══ INFORMATION PROVIDED ══
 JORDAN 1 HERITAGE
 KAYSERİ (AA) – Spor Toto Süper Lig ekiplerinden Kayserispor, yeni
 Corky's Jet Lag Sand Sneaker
═══
══ INFORMATION PROVIDED ══
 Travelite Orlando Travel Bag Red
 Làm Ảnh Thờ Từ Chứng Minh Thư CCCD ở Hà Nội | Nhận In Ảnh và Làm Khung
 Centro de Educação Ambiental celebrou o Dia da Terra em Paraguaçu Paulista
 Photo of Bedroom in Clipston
═══
TASK DIRECTIONS.
Give back exactly the lines above, from the line containing "JORDAN 1 HERITAGE" through the line containing "Corky's Jet Lag Sand Sneaker", with both end lines and nothing more.

WRITTEN SOLUTION.
 JORDAN 1 HERITAGE
 KAYSERİ (AA) – Spor Toto Süper Lig ekiplerinden Kayserispor, yeni
 Corky's Jet Lag Sand Sneaker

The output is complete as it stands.